Problem statement => Repeat back the entries that follow, keeping every word as it is.
(Beginning of Material to process)
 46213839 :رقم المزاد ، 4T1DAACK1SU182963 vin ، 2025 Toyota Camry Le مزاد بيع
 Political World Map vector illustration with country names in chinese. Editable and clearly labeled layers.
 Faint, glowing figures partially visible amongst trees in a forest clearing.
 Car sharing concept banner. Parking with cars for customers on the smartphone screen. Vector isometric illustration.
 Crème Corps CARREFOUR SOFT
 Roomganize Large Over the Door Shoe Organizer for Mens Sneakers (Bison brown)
(End of Material to process)
Exercise output =>
 46213839 :رقم المزاد ، 4T1DAACK1SU182963 vin ، 2025 Toyota Camry Le مزاد بيع
 Political World Map vector illustration with country names in chinese. Editable and clearly labeled layers.
 Faint, glowing figures partially visible amongst trees in a forest clearing.
 Car sharing concept banner. Parking with cars for customers on the smartphone screen. Vector isometric illustration.
 Crème Corps CARREFOUR SOFT
 Roomganize Large Over the Door Shoe Organizer for Mens Sneakers (Bison brown)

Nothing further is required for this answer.